- _TASK DESCRIPTION_
Go over the listing below line by line, and return each one holding the string "Sleeve".

- _MATERIAL PROVIDED_

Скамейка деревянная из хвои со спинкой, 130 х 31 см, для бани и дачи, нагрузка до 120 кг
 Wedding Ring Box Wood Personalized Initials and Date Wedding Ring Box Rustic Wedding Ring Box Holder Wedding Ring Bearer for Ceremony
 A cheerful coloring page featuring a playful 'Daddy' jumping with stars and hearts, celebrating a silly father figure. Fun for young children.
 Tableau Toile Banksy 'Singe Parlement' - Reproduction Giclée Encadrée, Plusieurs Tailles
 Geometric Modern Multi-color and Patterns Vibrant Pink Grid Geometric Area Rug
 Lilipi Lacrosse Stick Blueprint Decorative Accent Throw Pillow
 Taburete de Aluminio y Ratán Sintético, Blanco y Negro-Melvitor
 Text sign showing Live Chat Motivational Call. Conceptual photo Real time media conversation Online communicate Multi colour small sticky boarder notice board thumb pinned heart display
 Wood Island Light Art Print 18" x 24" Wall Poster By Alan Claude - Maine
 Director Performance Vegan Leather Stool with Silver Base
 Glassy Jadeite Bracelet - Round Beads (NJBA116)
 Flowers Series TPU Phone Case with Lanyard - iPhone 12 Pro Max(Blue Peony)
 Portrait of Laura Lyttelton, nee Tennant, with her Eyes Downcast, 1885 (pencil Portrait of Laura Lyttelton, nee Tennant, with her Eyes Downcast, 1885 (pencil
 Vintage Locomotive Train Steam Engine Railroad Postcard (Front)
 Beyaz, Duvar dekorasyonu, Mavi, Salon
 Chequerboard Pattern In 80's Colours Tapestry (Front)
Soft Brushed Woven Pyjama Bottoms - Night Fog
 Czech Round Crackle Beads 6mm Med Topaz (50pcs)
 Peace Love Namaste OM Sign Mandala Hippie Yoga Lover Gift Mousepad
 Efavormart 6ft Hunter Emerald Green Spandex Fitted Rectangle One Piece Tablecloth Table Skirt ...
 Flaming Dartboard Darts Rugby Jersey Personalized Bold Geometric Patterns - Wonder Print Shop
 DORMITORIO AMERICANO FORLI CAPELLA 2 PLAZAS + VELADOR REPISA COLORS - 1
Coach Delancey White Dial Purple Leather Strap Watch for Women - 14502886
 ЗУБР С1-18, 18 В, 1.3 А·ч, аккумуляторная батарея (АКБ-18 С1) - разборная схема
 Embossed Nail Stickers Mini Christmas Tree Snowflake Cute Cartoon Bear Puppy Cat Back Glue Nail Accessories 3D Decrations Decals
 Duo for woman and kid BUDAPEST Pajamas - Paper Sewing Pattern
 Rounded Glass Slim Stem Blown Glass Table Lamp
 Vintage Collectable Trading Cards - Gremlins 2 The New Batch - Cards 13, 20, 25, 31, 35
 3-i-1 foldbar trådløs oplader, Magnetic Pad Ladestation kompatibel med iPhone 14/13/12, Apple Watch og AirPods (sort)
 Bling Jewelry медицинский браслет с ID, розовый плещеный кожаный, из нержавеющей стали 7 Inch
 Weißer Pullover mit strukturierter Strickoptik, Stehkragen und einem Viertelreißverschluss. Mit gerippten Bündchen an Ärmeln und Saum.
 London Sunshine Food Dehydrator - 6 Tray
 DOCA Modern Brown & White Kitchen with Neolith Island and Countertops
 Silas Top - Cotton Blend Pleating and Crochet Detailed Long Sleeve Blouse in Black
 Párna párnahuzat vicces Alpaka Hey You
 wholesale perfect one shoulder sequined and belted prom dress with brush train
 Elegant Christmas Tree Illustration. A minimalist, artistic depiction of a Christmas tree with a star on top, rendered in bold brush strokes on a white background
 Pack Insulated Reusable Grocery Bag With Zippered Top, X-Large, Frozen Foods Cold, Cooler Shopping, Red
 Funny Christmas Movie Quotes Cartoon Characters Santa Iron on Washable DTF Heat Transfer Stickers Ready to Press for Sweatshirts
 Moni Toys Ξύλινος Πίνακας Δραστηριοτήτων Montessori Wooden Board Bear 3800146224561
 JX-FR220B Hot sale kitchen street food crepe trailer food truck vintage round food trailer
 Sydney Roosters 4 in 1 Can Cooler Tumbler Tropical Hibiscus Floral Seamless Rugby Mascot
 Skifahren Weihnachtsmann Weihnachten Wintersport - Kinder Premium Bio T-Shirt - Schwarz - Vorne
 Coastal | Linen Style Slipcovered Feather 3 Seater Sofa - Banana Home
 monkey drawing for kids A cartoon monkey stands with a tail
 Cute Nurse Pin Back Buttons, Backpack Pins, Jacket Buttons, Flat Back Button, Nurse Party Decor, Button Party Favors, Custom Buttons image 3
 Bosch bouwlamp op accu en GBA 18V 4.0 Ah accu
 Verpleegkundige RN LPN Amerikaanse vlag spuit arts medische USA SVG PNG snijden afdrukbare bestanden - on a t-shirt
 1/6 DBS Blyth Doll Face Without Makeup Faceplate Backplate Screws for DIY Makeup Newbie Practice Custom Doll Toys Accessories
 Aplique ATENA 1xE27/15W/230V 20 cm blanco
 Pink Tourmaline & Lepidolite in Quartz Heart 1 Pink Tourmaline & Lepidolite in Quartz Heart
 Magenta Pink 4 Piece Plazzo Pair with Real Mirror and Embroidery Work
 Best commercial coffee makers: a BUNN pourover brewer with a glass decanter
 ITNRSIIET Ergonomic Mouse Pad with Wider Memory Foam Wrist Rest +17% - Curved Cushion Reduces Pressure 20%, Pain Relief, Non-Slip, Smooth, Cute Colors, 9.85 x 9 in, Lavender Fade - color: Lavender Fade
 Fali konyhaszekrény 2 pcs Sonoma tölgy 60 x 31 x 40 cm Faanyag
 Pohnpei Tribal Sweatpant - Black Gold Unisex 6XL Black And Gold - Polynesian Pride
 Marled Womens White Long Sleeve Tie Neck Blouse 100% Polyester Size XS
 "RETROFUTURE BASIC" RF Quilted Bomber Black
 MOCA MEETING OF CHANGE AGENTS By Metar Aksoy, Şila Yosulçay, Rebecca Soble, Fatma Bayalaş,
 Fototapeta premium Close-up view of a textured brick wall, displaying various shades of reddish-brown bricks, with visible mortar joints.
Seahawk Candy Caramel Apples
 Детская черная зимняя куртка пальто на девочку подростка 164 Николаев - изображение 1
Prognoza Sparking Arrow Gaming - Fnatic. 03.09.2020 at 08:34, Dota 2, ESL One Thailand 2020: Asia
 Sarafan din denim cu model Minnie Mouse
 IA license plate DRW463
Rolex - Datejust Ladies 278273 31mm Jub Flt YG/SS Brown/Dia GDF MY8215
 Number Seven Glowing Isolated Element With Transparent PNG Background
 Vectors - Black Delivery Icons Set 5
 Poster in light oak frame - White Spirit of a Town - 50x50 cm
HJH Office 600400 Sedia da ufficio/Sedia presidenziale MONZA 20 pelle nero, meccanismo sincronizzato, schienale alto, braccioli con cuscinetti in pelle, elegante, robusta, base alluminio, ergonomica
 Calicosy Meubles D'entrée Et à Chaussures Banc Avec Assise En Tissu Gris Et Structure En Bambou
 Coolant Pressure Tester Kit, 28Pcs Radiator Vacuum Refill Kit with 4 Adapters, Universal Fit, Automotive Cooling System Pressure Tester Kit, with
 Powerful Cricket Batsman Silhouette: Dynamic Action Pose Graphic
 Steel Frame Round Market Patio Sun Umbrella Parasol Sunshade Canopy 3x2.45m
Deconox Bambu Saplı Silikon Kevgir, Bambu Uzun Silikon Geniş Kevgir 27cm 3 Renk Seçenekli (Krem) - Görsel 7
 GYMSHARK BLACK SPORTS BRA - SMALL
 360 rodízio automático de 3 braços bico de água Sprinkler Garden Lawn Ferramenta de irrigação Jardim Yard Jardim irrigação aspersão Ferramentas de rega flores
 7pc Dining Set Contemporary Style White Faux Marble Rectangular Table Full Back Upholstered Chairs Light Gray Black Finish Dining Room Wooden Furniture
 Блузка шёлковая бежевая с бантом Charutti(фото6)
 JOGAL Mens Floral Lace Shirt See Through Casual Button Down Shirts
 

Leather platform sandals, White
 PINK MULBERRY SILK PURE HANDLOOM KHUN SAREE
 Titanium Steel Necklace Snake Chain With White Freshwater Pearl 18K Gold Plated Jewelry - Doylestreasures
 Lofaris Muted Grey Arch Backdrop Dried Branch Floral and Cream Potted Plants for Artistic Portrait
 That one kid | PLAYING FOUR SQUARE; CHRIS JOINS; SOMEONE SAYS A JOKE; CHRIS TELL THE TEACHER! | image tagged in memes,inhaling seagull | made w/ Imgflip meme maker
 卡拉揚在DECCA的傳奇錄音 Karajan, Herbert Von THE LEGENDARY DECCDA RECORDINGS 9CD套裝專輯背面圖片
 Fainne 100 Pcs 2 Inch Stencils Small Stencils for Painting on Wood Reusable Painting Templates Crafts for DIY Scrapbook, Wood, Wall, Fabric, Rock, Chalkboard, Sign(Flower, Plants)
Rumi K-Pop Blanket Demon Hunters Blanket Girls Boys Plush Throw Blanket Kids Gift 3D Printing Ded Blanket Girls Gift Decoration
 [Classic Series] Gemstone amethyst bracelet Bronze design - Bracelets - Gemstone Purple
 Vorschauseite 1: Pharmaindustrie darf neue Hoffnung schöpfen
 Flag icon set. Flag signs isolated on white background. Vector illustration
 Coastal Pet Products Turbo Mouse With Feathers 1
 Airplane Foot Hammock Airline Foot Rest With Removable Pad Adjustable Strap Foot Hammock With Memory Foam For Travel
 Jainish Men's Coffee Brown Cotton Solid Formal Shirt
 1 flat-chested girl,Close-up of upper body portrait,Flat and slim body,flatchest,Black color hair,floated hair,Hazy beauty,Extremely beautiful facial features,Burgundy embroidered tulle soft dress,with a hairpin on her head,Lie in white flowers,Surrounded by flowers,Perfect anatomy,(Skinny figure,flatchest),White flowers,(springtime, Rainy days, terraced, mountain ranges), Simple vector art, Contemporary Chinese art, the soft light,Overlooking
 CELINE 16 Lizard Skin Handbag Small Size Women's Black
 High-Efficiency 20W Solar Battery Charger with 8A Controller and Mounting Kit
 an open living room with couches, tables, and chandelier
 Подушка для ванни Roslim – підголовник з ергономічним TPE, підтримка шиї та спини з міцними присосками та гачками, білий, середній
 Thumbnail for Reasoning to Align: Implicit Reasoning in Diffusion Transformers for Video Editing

- _EXERCISE OUTPUT_
 Silas Top - Cotton Blend Pleating and Crochet Detailed Long Sleeve Blouse in Black
 Marled Womens White Long Sleeve Tie Neck Blouse 100% Polyester Size XS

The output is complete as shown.